* Problem *
What you return should be the entries, unchanged, without their pictures.

* Information supplied *
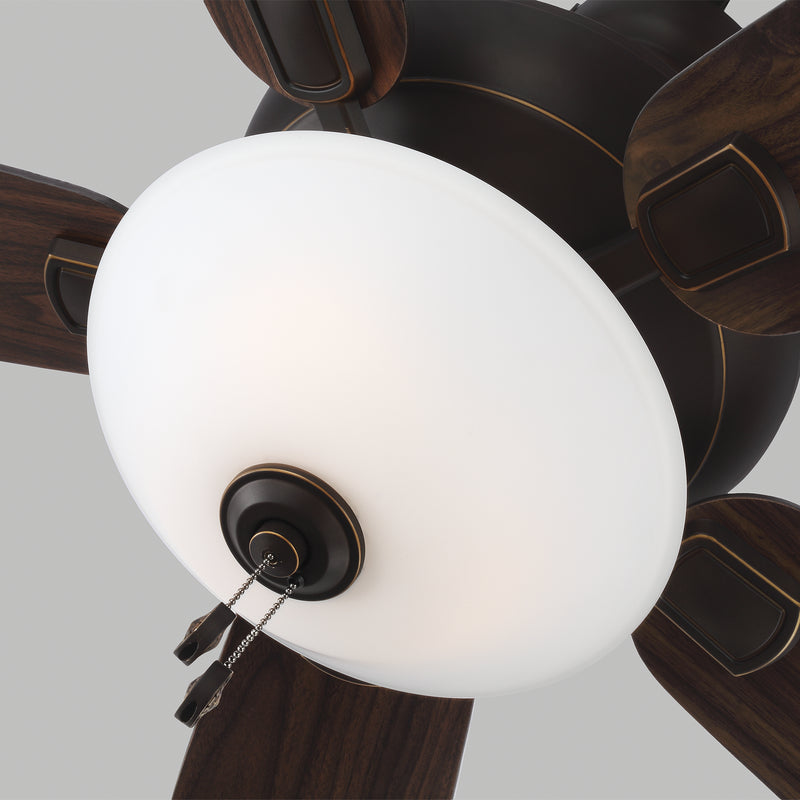 Generation Lighting 5COM52RBD-V1 Colony 52"Ceiling Fan, Roman Bronze Alternate Image 4.jpg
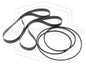 Kit de correas para pletina de casete – Yamaha KX-W302/U
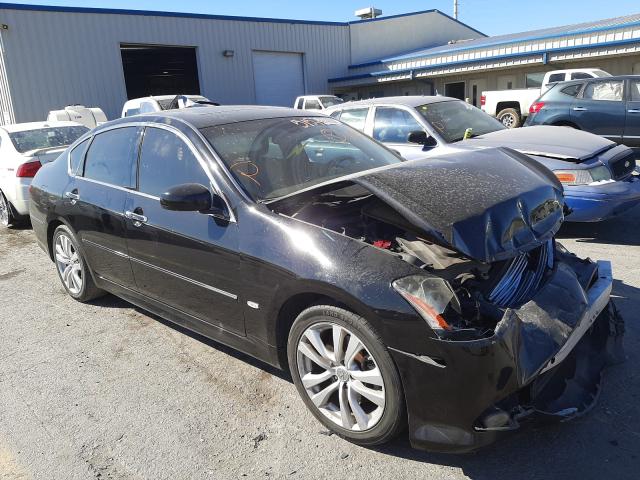 INFINITI M35 BASE 2010 jn1cy0ap8am911174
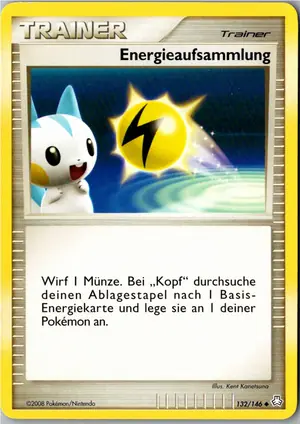 Energieaufsammlung Exemplar 1,95 €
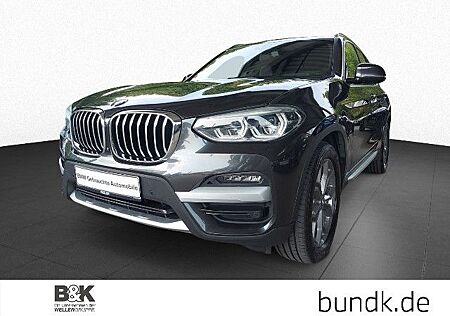 BMW X3 xDrive20d ZA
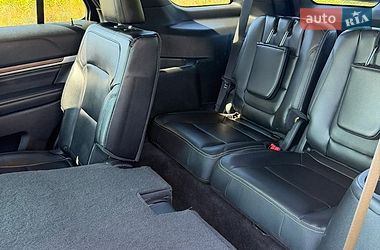 Позашляховик / Кросовер Ford Explorer 2015 в Києві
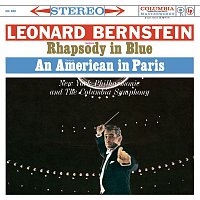 Leonard Bernstein – Gershwin: Rhapsody in Blue; An American in Paris & Bernstein: Symphonic Dances from "West Side Story"; Symphonic Suite from "On the Waterfront" - Sony Classical Originals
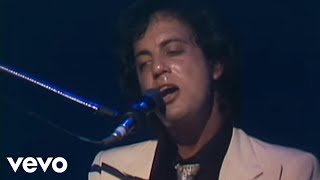 Billy Joel  Just the Way You Are Live 1977 [upl. by Dlorah101]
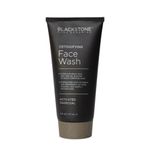Limpiador facial Blackstone 177 ml Vitamina E y Carbón activado
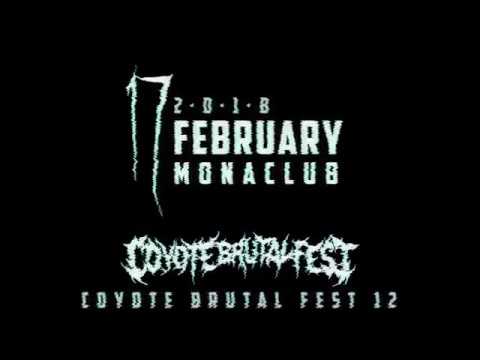 Приглашение на CBF 12 от FERALIMINAL LYCANTHROPIZER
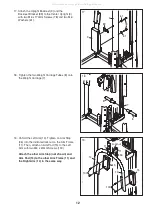 Preview for 12 page of iFIT WEIDERBLACK WBBE14908.0 User Manual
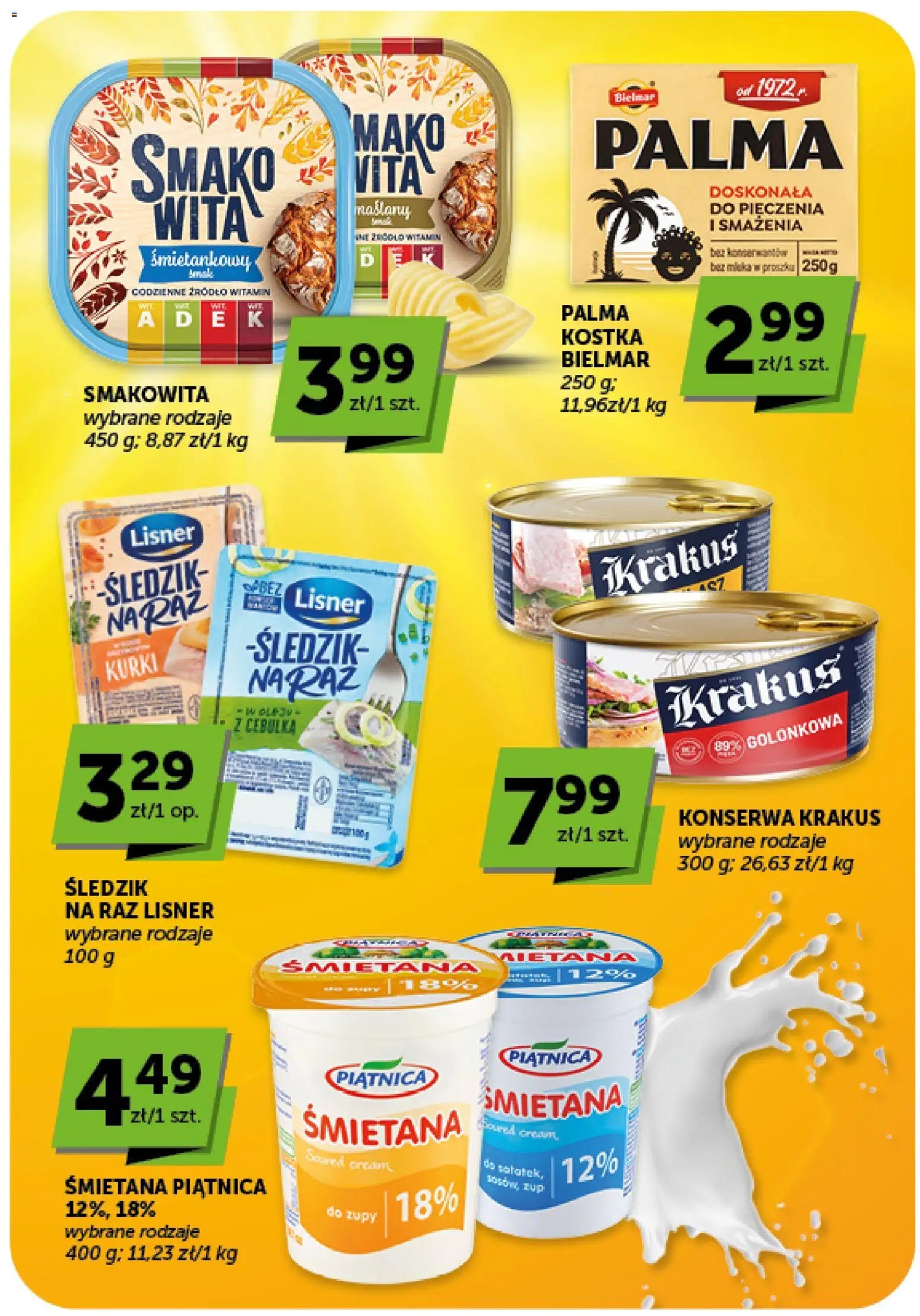 Euro Sklep gazetka - Market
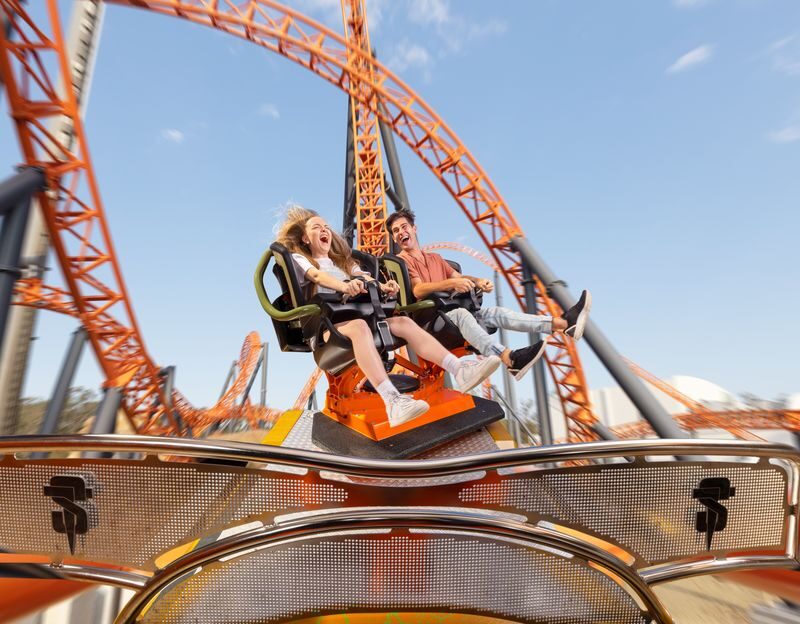 3 Day Pass to Dreamworld, WhiteWater World and SkyPoint - Who will get the most from this pass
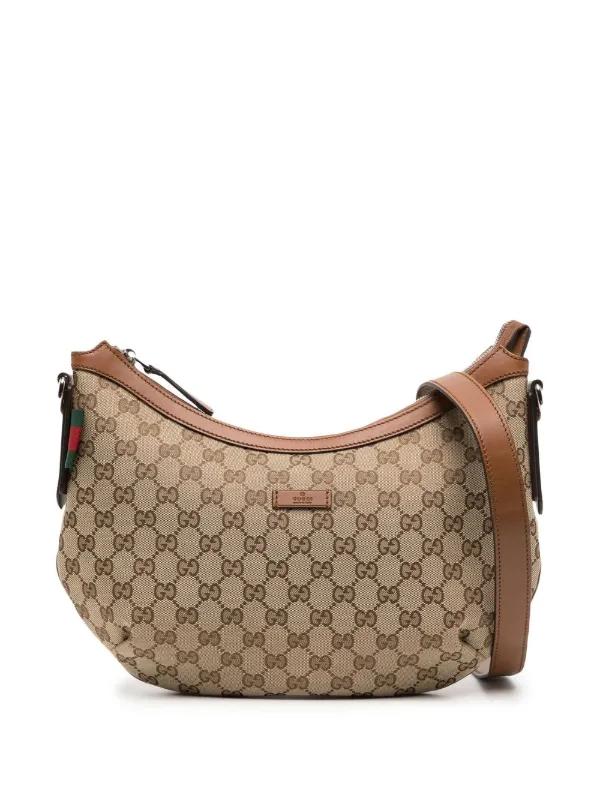 Gucci GG Shoulder Bag Farfetch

* Solution for this task *
 Generation Lighting 5COM52RBD-V1 Colony 52"Ceiling Fan, Roman Bronze Alternate Image 4.jpg
 Kit de correas para pletina de casete – Yamaha KX-W302/U
 INFINITI M35 BASE 2010 jn1cy0ap8am911174
 Energieaufsammlung Exemplar 1,95 €
 BMW X3 xDrive20d ZA
 Позашляховик / Кросовер Ford Explorer 2015 в Києві
 Leonard Bernstein – Gershwin: Rhapsody in Blue; An American in Paris & Bernstein: Symphonic Dances from "West Side Story"; Symphonic Suite from "On the Waterfront" - Sony Classical Originals
 Billy Joel  Just the Way You Are Live 1977 [upl. by Dlorah101]
Limpiador facial Blackstone 177 ml Vitamina E y Carbón activado
 Приглашение на CBF 12 от FERALIMINAL LYCANTHROPIZER
 Preview for 12 page of iFIT WEIDERBLACK WBBE14908.0 User Manual
 Euro Sklep gazetka - Market
 3 Day Pass to Dreamworld, WhiteWater World and SkyPoint - Who will get the most from this pass
 Gucci GG Shoulder Bag Farfetch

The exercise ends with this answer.